ASSIGNMENT
Copy exactly the line that contains "Look Keo Grip" plus all remaining lines of the data, and leave out every line before it.

*** DATASET RECORDS ***

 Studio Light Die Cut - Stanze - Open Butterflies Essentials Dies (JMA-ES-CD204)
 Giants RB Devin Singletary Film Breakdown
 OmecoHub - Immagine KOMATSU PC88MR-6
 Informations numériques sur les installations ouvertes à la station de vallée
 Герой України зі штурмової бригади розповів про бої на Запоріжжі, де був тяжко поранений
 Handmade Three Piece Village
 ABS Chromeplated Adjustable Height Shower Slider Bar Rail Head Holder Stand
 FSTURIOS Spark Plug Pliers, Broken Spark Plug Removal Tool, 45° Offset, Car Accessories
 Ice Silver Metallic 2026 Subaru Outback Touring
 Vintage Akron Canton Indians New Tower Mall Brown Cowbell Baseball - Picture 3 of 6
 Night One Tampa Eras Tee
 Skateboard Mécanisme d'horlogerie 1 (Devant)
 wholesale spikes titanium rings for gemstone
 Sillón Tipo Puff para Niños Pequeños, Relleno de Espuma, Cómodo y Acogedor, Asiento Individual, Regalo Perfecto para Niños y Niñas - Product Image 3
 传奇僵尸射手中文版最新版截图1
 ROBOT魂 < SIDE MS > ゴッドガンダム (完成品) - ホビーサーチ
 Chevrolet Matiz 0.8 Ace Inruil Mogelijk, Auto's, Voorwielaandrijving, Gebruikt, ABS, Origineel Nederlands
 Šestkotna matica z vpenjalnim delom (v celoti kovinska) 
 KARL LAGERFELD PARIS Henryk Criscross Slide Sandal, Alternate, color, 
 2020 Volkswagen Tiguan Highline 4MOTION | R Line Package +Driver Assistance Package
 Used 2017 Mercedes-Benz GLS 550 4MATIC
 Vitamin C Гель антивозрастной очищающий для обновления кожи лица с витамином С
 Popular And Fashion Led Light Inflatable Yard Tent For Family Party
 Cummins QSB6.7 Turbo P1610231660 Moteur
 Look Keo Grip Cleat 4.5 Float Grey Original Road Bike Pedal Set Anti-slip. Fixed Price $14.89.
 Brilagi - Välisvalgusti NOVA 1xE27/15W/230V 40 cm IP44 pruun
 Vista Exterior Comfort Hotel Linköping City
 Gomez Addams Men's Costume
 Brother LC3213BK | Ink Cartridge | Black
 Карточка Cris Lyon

*** End of DATASET RECORDS ***

ANSWER
 Look Keo Grip Cleat 4.5 Float Grey Original Road Bike Pedal Set Anti-slip. Fixed Price $14.89.
 Brilagi - Välisvalgusti NOVA 1xE27/15W/230V 40 cm IP44 pruun
 Vista Exterior Comfort Hotel Linköping City
 Gomez Addams Men's Costume
 Brother LC3213BK | Ink Cartridge | Black
 Карточка Cris Lyon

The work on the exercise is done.